Work instructions ::
From the data below, repeat exactly the lines from the line with "Попустил старшеклассника" to the line with "Лыжная гонка, Утробин", both included.

Records shown ::
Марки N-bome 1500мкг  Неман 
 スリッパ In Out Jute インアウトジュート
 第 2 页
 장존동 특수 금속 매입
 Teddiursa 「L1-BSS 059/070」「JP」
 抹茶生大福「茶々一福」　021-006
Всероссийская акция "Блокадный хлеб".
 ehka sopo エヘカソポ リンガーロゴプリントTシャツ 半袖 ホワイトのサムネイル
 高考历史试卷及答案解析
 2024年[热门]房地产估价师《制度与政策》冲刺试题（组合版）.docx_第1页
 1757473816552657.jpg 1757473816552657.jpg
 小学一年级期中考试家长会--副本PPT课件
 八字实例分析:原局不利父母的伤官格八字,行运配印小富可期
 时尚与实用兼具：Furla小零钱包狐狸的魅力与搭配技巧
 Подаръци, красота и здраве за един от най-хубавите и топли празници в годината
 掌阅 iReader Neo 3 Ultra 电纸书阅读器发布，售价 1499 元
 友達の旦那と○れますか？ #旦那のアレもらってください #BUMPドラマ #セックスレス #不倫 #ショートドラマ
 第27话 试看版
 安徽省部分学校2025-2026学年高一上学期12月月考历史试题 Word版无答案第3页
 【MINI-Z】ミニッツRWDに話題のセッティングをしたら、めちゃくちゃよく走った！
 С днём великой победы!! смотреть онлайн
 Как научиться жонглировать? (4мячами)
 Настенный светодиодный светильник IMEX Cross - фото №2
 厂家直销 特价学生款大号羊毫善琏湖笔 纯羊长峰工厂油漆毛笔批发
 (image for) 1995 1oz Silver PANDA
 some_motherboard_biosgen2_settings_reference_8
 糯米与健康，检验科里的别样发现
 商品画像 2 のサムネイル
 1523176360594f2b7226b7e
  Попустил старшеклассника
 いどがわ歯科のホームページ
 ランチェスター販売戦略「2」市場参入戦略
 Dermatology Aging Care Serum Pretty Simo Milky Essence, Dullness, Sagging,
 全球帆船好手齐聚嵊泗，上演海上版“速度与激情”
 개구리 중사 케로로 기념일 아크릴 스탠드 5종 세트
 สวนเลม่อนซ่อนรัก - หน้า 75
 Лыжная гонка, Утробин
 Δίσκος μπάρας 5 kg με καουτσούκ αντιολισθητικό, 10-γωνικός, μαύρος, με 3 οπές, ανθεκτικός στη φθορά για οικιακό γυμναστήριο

Solution ::
  Попустил старшеклассника
 いどがわ歯科のホームページ
 ランチェスター販売戦略「2」市場参入戦略
 Dermatology Aging Care Serum Pretty Simo Milky Essence, Dullness, Sagging,
 全球帆船好手齐聚嵊泗，上演海上版“速度与激情”
 개구리 중사 케로로 기념일 아크릴 스탠드 5종 세트
 สวนเลม่อนซ่อนรัก - หน้า 75
 Лыжная гонка, Утробин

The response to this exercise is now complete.